Abstract

An objective and systematic method of coding backbone conformations of proteins is developed. For this purpose polypeptide backbone is regarded to consist of two types of overlapping structural units, viz. a (φ, ψ) fragment (C i αC′ONC i+1 αC′ONC i+2 α), and a (ψ, φ) fragment (NC i αC′ONC i+1 αC′). By means of the principal component analysis, these (φ, ψ) and (ψ, φ) fragments are found to form five and six distinct clusters in respective high-dimensional conformational space with only a small number of exceptional unclassified fragments. Boundaries of clusters are defined by multi-dimensional ellipsoids. This classification of conformations of short backbone fragments is used to code protein backbone three-dimensional structures. In particular, conformations of peptide fragments consisting of four or six residues are coded and analyzed in detail.

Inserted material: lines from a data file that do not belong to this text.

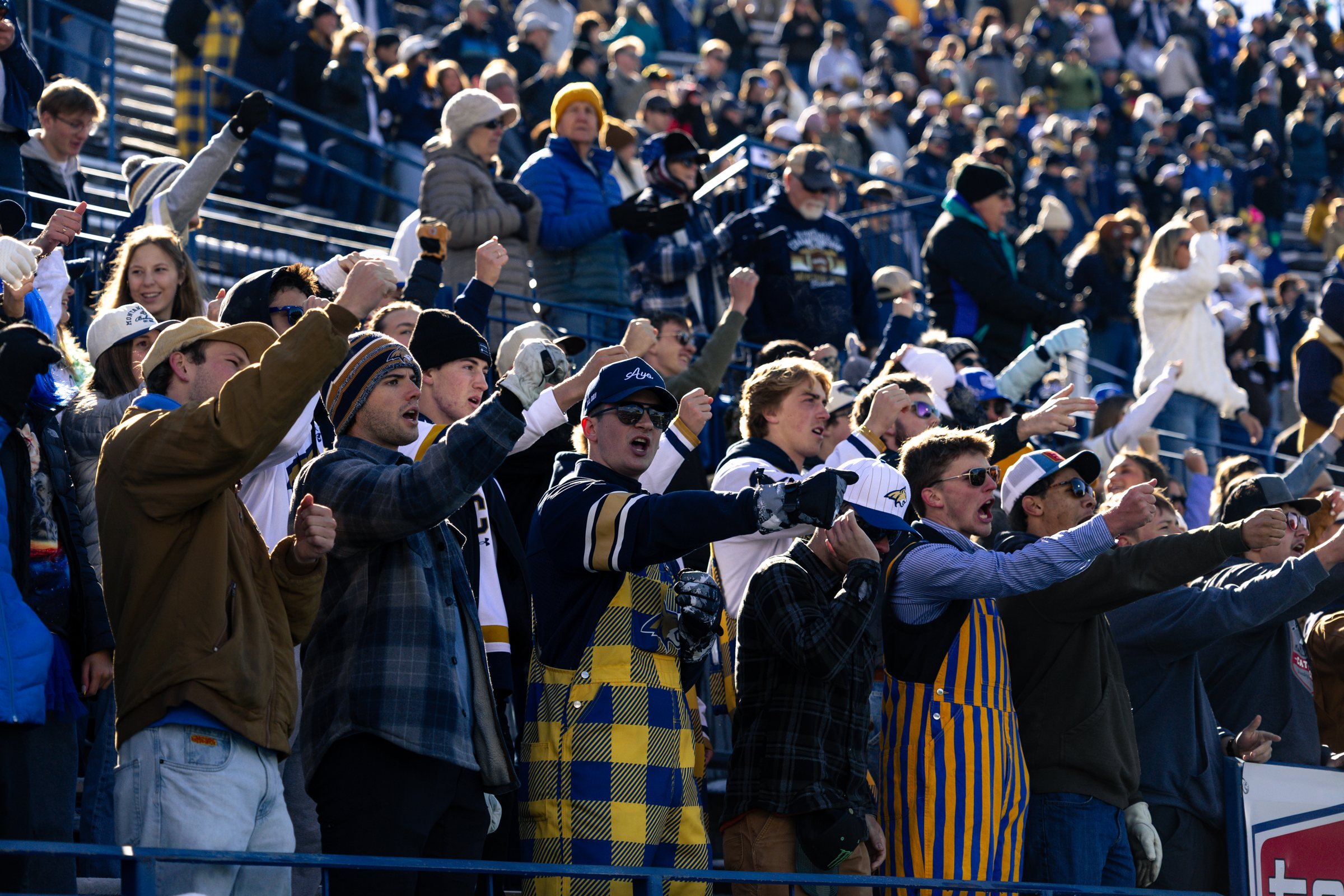The Bobcat student section cheers before kickoff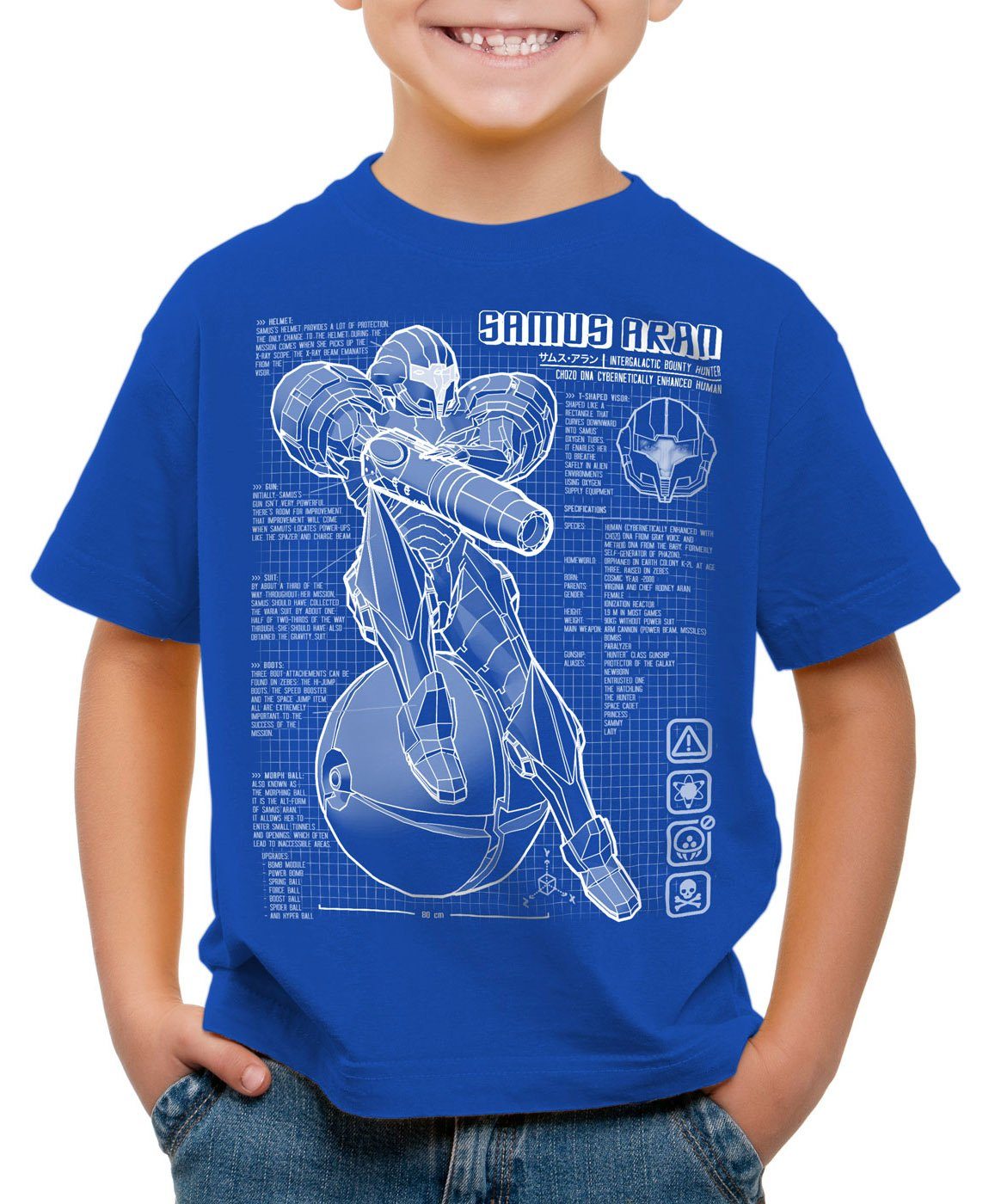 style3 Print-Shirt Kinder T-Shirt Samus Blaupause metroid nerd gamer nes snes switch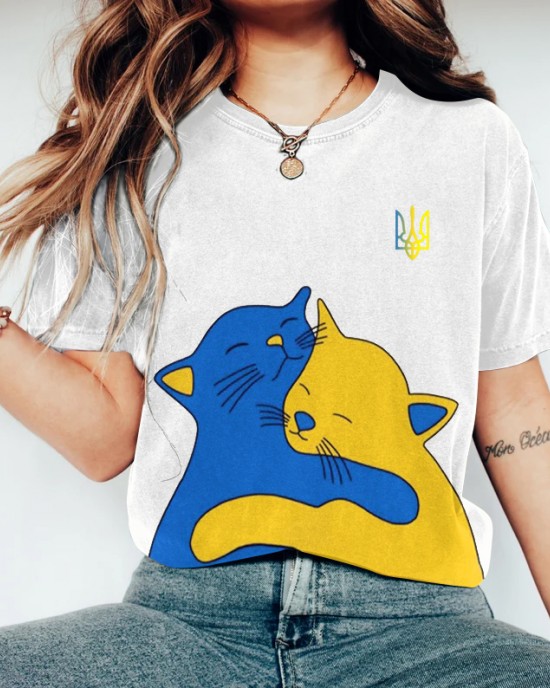 Hug Of Love Abstract Cat Graphics Ukraine Inspired Printed T-shirt Hug Of Love Abstract Cat Graphics Ukraine Inspired Printed T-shirt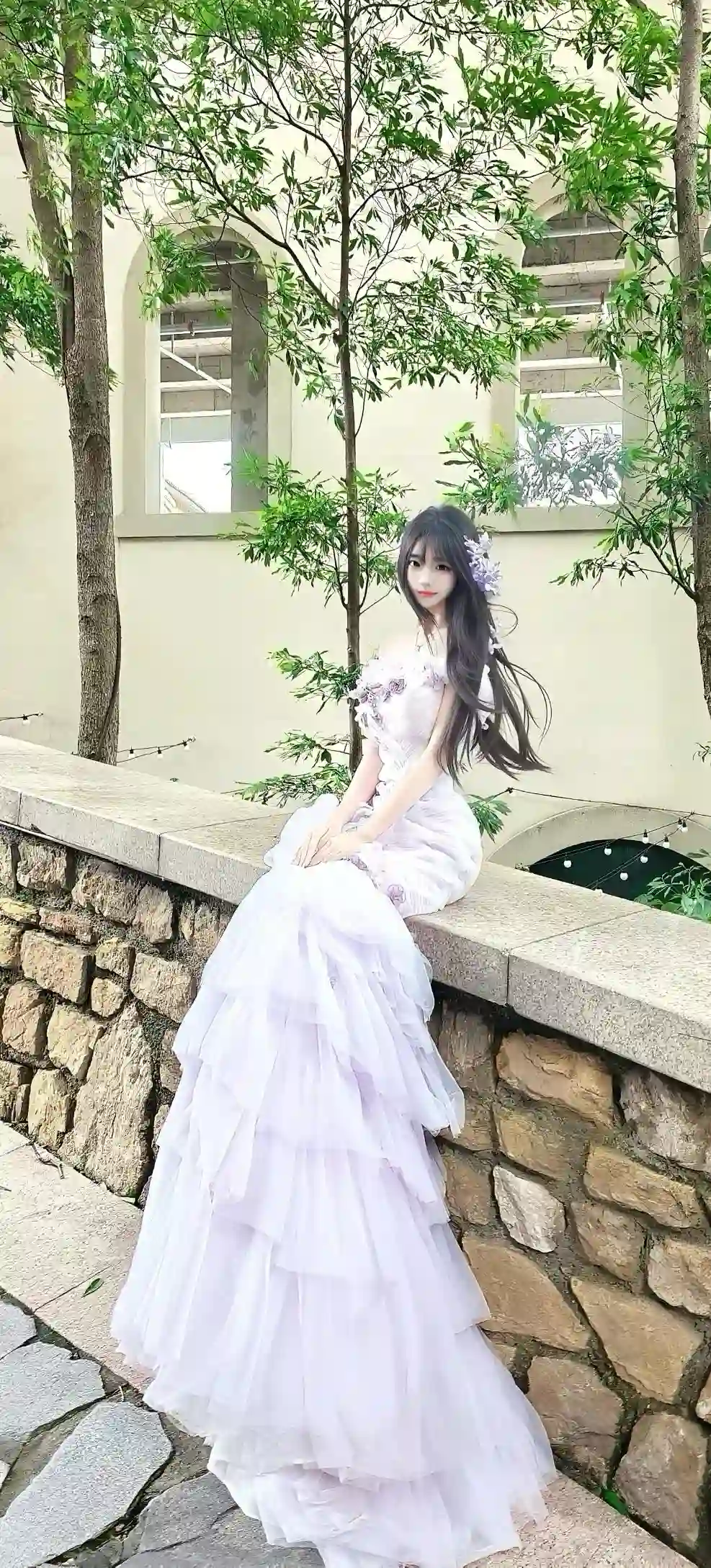 纱裙 美女 长发少女 优雅坐姿 户外清新 花饰 浪漫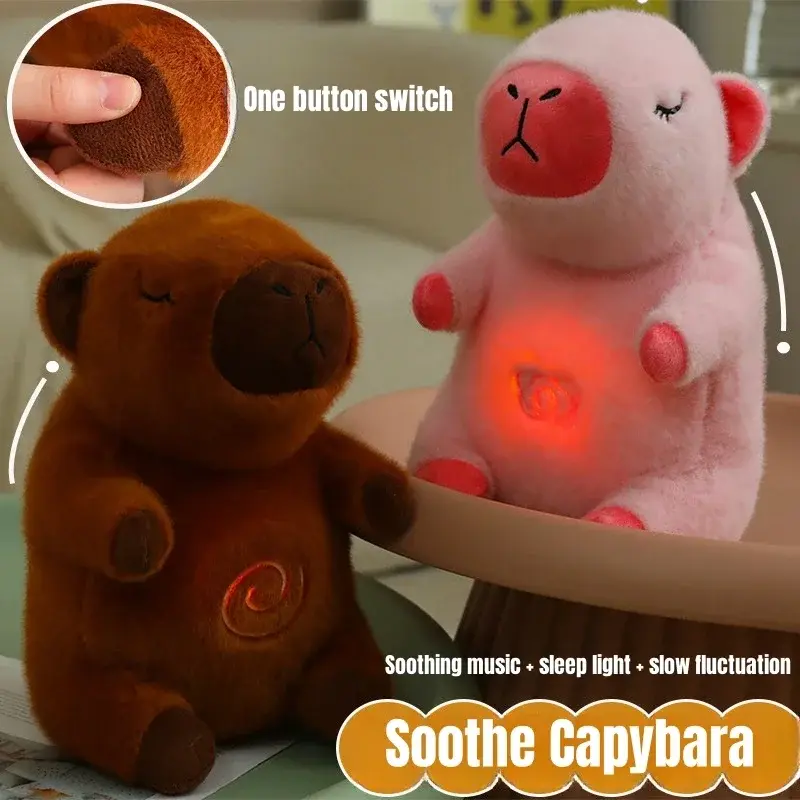30cm Doll with Sound and Light Kids Animals Plush Toys Baby Breathing Capybara Sleeping Appease Companion Snoring Christmas Gift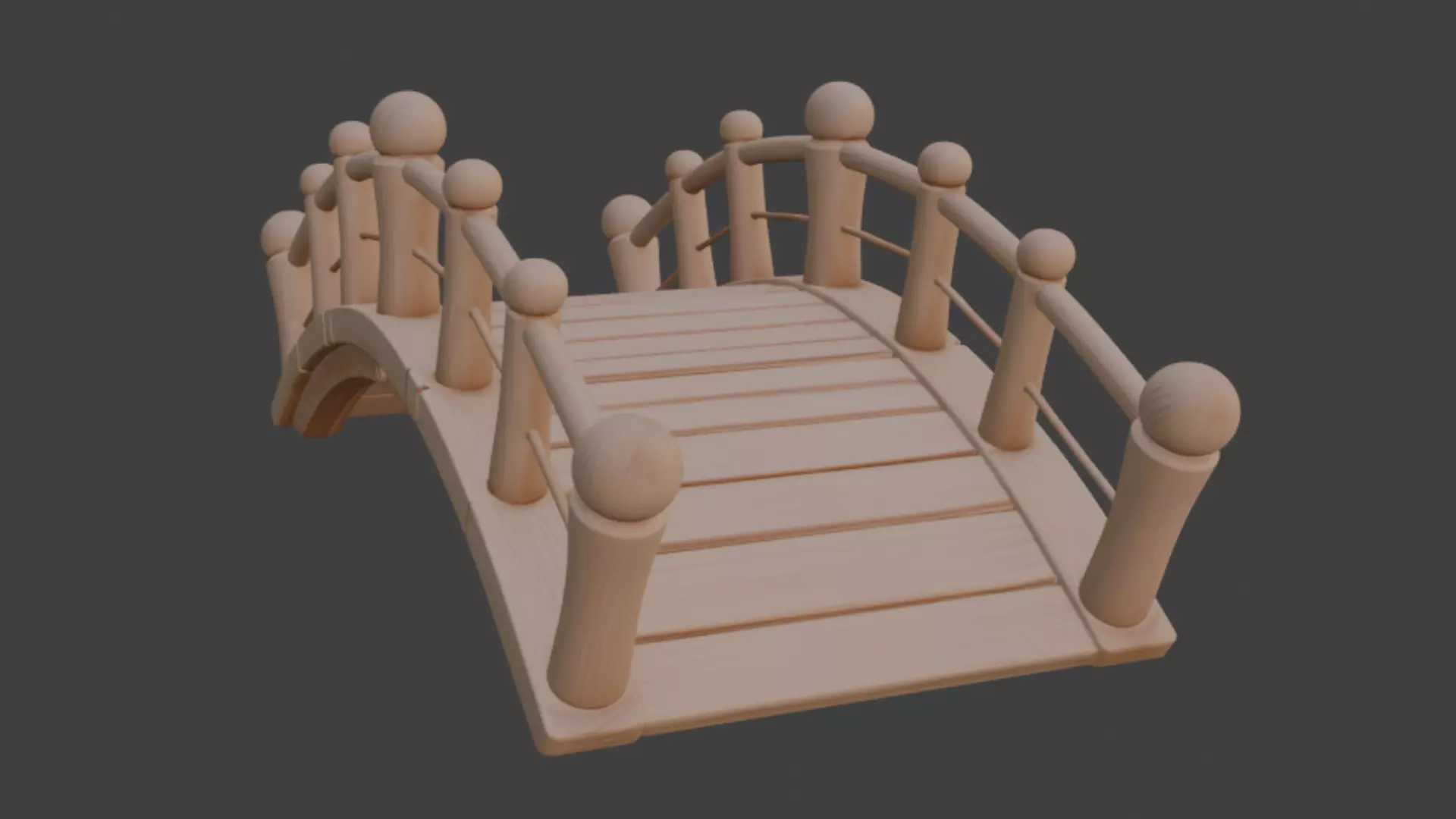 Realistic Garden Bridge Village Bridge 3d Model 3D model_3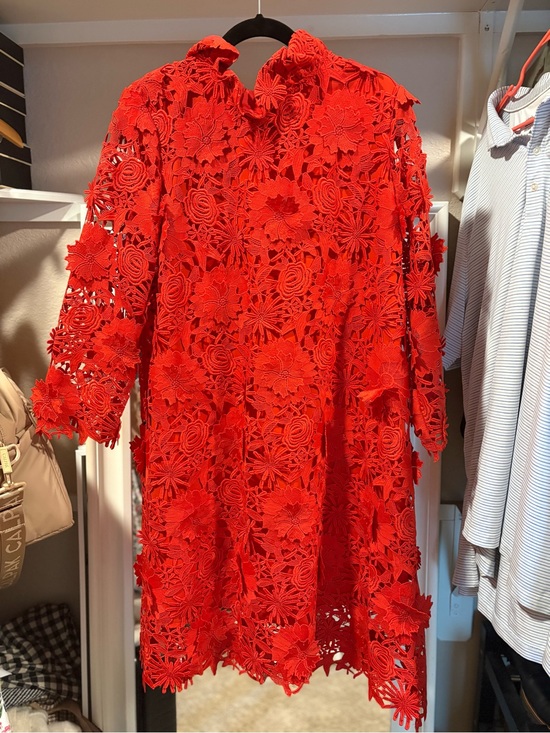 Tuckernuck Dresses & Skirts - Tuckernuck Red Lace Long Sleeve Dress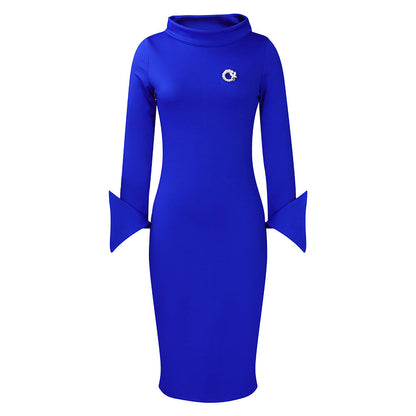 Eveloria Damen Midi-Kleid Hochkragen Glockenärmel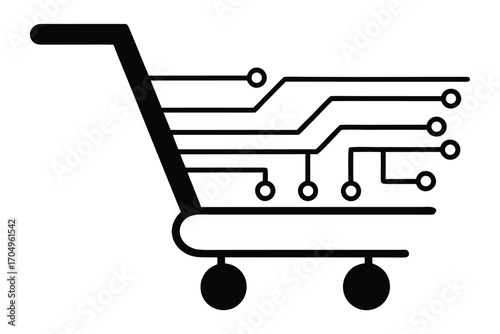 Black Shopping Cart Icon with Circuit Board Details on White Background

This structural code allows us to distinguish such features of protein backbone structures that are not retained in the usual secondary structural representation based on patterns of backbone hydrogen bonds, e.g., various types of four-residue turns. Similarity index, based on the number of different one-letter codes in a pair of structural codes, is a powerful measure of conformational similarity. When combined with another similarity measure, atomic root-mean-square distance, accurate similarity between a pair of conformations of fragments can be detected.